Some ANZAC-themed NZ Children’s Books
This has been an ANZAC week on the blog, from acknowledging ANZAC Day itself on Monday, through ANZAC-themed poetry on Tuesday, to yesterday and the famous ANZAC Memorial penned by M. Kemal Atatürk in 1934.
On Monday, I reflected on the dearth of ANZAC novels in the century that has elapsed since WW1, and the 71 years since WW2 ended.

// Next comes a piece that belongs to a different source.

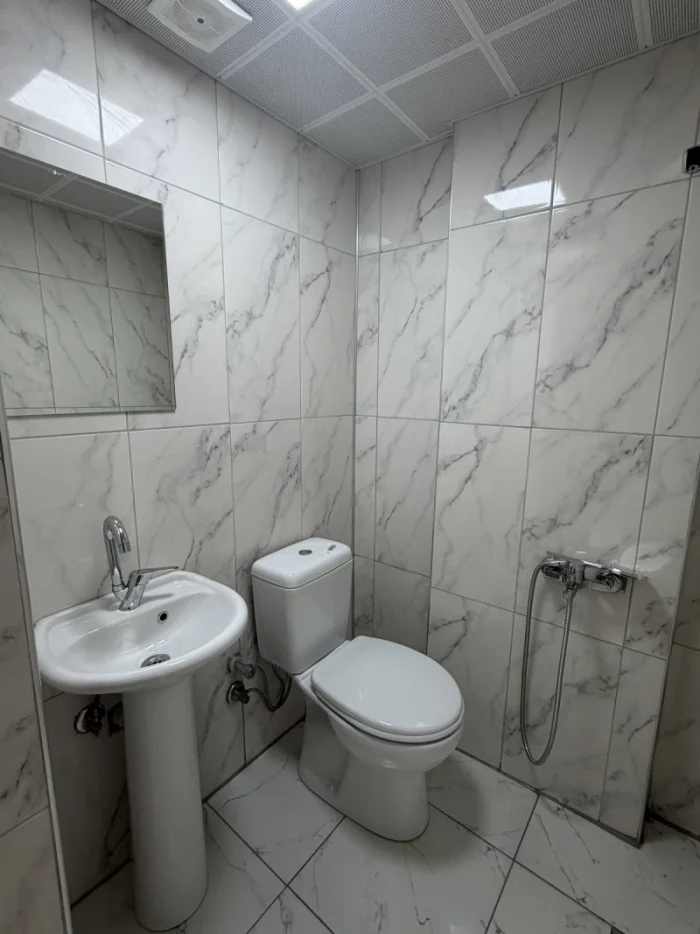 Kişiye Özel Banyo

However, I’ve continued to check out what’s available and am pleased to have identified a few more ANZAC-themed children’s novels that have been published over the past few years.
These include Pippa Werry’s Best Mates (2014), a children’s picture book that tells the story of three friends who enlist in the ANZAC corps and end up fighting at Gallipoli.
David Hill has written two ANZAC-themed books for Junior readers (9-12 year olds.) My Brother’s War (2012) follows two NZ brothers in WW1, one of whom enlists as a soldier, while the other is a conscientious objector—paths that lead both of them to the trenches in France.
Enemy Camp (2016) focuses on NZ’s WW2 history, and the incident at the Featherston prisoner-of-war camp that resulted in the deaths of one guard and forty-eight Japanese prisoners.
Susan Brocker’s Brave Bess and the ANZAC Horses (2010) is a fictionalized account of Bess, one of only four NZ horses shipped overseas with WW1 mounted troops that returned home to NZ. 1914: Riding Into War (2014), also by Susan Brocker, follows three young men in a mounted rifle regiment that are separated from their horses when they are sent to Gallipoli from North Africa, in 1914.
So definitely a few more books for children than I could initially identify, exploring and interpreting NZ’s ANZAC history through fiction.